Defra announces further delay in SuDS legislation
Schedule 3 of the Sustainable Drainage Systems (SuDS) legislation will not be implemented in October as previously stated by Defra, the department has announced.
BWB Consulting said: “The unfortunate announcement means the drainage of new development will continue to be a regional lottery with some areas adopting SuDS and some refusing to even consider adoption.
“Couple this with planning policy which demands SuDS are included and we are left with developments that will have drainage infrastructure with no long term management. Given the continued delay, is it time to question if Defra are truly committed to the implementation of Schedule 3?”
And the Environmental Industries Commission (EIC) deputy public affairs director Sam Ibbott said: “This is very disappointing. Not only has the implementation of SuDS been further delayed, but there is no indication of an updated timetable – leaving the industry in limbo, and potentially jeopardising investment.
“The announcement talks of implementing SuDS in a way that ‘does not affect development’. It is not clear what this means, but we are wary of any move to dilute the regulations. If you think SuDS affects development, you should try flooding.”
An email to stakeholders from the Defra SuDS team said: “The government remains committed to implementing SuDS at the earliest available opportunity, but not in a way that affects development. While several departments are working hard on this, it has become clear we will not be in a position to implement Schedule 3 from October, as we had hoped.
“A statement will be made in the summer that will set out in greater detail our plans for implementation. However, we would still expect the secondary legislation setting out the implementation date would be laid in Parliament approximately six months before that date.”
Ibbott told wwtonline: “What is meant by ‘not in a way that affects development’ is unclear to us, although we are investigating.
“My assumption is somewhere along the line developers have contacted Defra and said if it insists on implementation of SuDS to a certain specification it will add costs, making housebuilding schemes more difficult to fund, to find investment or to sell.
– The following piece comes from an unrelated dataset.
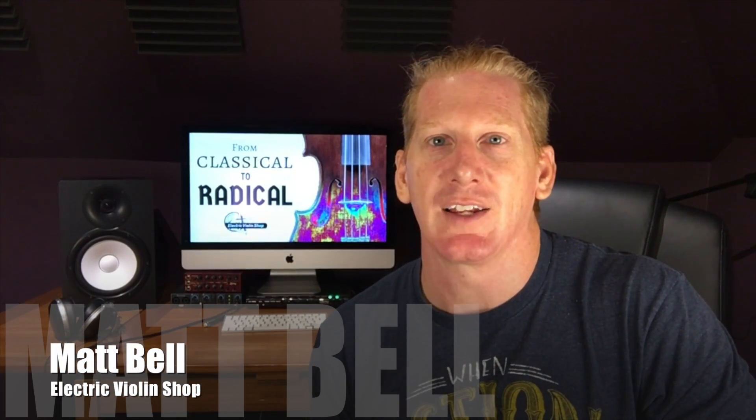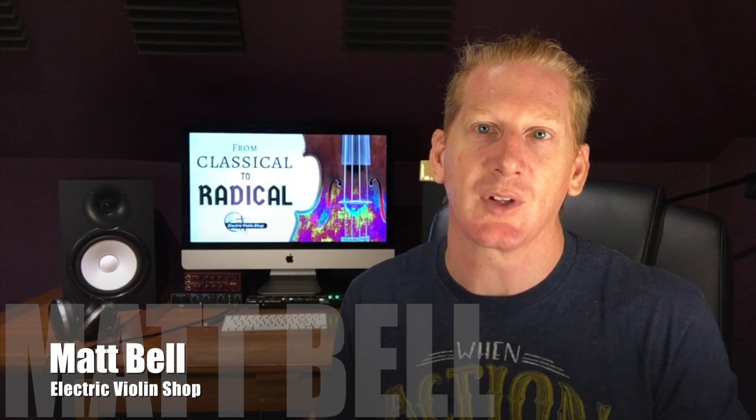Hey everybody, Matt Bell with the Electric Violin Shop. We're back with the From Classical to Radical series where we're teaching classically trained violinists, violists, cellists, and upright bass players how to easily enter the world of amplified music.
“I don’t know if this is the case, but I do know in the 18 months we’ve been dealing with the department on SuDS we’ve heard no suggestions it would hinder development. Hopefully it is no more than a throwaway line that has been added without much further thought. The other alternative is local authorities have said developments are being held up in the planning approvals process because they have to factor in the new requirements when assessing whether to grant planning approval. It’ll be one or the other – time or cost.”
An initial delay was announced by water minister Dan Rogerson on January 6, when he said: “Regrettably, it is looking increasingly unlikely we will be in a position to ensure the scheme comes into force this April, which was our preferred date for implementation as stated previously.”
“Defra is instead providing local authorities with the extra time they need to prepare for these new regulations to ensure local government is sufficiently prepared to undertake their statutory duties successfully from the outset.”
This second delay was slipped out by email without a public announcement. Ibbott concluded: “This in itself is unhelpful. The lack of clarity is unhelpful, the lack of a timetable that means we do not know a date delayed implementation will take place is unhelpful – and whether Defra will scale back the requirements of the overall scheme once a new date is set is unhelpful.
“The situation has become quite muddied, which for our members whose income is reliant on SuDS makes planning for the future very difficult.”